The presence of ascites was a significant risk factor for the development of CIN (P = 0.0009, OR 3.38, 95% CI 1.55-7.34) in multivariate analyses (Table 3, Figure 1). A total of 33 patients were on ACE inhibitors, ARBs, NSAIDs, or aspirin. Ascites remained a significant risk factor when these patients were excluded from this analysis (P = 0.00006, OR 3.98, 95% CI 1.83-8.69). Ascites was also a significant risk factor for the development of CRI, as 5/6 patients (83%) who developed CRI had ascites seen on CT scan. Age, serum sodium, and MELD score were not found to be significantly associated with a higher risk of CIN in multivariate analysis. Our analysis also did not show a significant association between the use of diuretics and an increased risk of CIN in patients with or without ascites (Figure 2).

Figure 1
Figure 1 Percentage of patients experiencing CIN in the presence or absence of ascites (P = 0. 0009) or diabetes (P = 0.73).
Figure 2
Figure 2 Percentage of patients experiencing CIN in relation to diuretic use and the presence of ascites.
Table 3 Relationship of ascites to incidence of CIN.
No CIN7566
No ascites10247
No CIN8886

In our study, the presence of DM was not a predisposing factor to CIN (Figure 1). A total of 66 diabetic patients were included in the analysis. The incidence of CIN was 18/66 (27%) in these patients, a nonsignificant difference compared to nondiabetics, where the incidence of CIN was 36/150 (24%). Among the total number of diabetic patients, three had evidence of mild kidney disease prior to the scan, defined as Cr > 15 mg/L. Only one (33%) of these patients developed CIN.


Intravenous contrast remains an important cause of acute renal failure in patients who receive CT scans. There is little data on whether the presence of cirrhosis serves as an important risk factor for the development of CIN.

We performed a large retrospective review at our institution of hospitalized cirrhotic patients who received intravenous contrast for CT imaging and found that there was a high rate of CIN. In multivariate analysis, the presence of ascites was a significant risk factor for the development of CIN, conferring over three times the risk compared to the absence of ascites. Factors such as MELD score, serum sodium, diuretic use, the presence of DM, and age failed to show a similar association.

The results of this study are dissimilar to those found in a prospective study by Guevara et al[18], who did not find an increased susceptibility to CIN in cirrhotic patients[18]. However, this study was limited by a relatively small sample size and diuretic therapy was withheld for at least 5 days prior to inclusion in the study. Our study included patients on diuretic therapy, and is therefore reflective of a broad range of cirrhotic patients.

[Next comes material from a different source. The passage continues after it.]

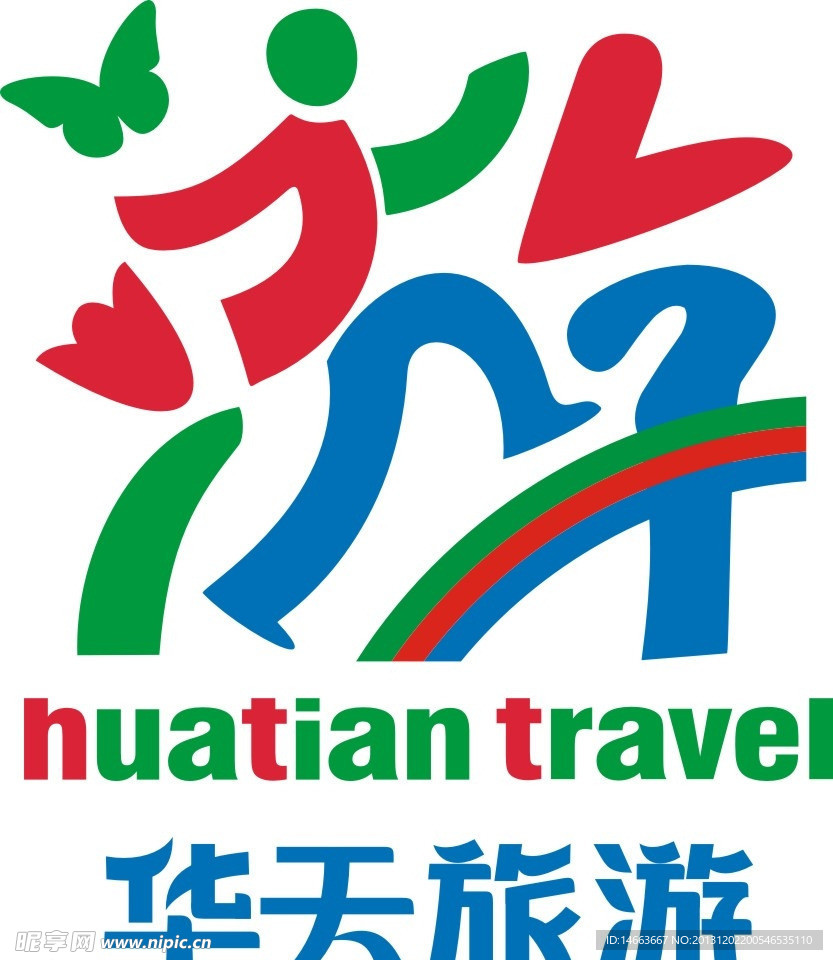 华天国旅logo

A second retrospective study by Najjar et al[19] comparing 72 cirrhotic patients receiving intravenous contrast with 72 non-cirrhotic controls, revealed the development of CIN in 2 patients with cirrhosis (2.8%) and in 1 patient in the control group (1.4%), a non-significant difference. The authors of this study concluded that cirrhosis may not be a risk factor for CIN. However, the results of this study should be interpreted with caution because the study does not clearly define CIN[19]. Without a precise definition of CIN, it is difficult to interpret the results of this study.

The exact mechanism by which iodinated contrast agents induce renal dysfunction is not entirely understood. The pathophysiology is complex, and a variety of factors act in concert to induce CIN. In vitro and animal studies suggest that damage secondary to iodinated contrast to the kidneys is likely mediated by a combination of toxic or obstructive injury to the renal tubules, ischemic injury by reactive oxygen species, and renal medullary hypoxia. The predominant factor is likely to be renal medullary hypoxia, in which adenosine, calcium, and endothelin bring about intrarenal vasoconstriction after contrast exposure[172025]. Tubular toxicity is also thought to play a role in CIN through both direct nephrotoxicity and tubular obstruction. The generation of reactive oxygen species can cause toxic, ischemic, and immune-mediated direct nephrotoxicity[2628]. Contrast dye increases urate excretion and leads to the deposition of Tamm-Horsfall proteins within the renal tubules, both of which can cause tubular obstruction[2931].

Factors such as age, serum sodium, MELD score, and diuretic use were not found to be associated with the development of CIN. It is surprising that there is no statistically significant relationship between diuretic use and CIN in our study. There are a fair number of studies suggesting that peri-contrast hydration can reduce the incidence of CIN[3236]. Furthermore, prophylactic forced diuresis with furosemide has been shown to augment the risks of CIN[32]. However, there are no data, to our knowledge, on the association between maintenance diuretic therapy and CIN. Although an increased frequency of CIN in the setting of diuretic use is biologically plausible, this relationship should be explored further before any conclusions can be made.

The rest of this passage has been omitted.